_Exercise goal_. Which lines below hold the word "with"? Copy all of them.

_Exercise material_.
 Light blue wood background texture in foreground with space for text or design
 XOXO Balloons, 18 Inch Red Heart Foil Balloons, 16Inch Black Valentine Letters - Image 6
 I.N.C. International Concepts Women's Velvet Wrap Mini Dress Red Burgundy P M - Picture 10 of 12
==
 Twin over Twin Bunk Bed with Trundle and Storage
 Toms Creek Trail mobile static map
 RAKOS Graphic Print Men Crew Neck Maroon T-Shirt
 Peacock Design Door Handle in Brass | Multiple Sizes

_Reply_.
 Light blue wood background texture in foreground with space for text or design
 Twin over Twin Bunk Bed with Trundle and Storage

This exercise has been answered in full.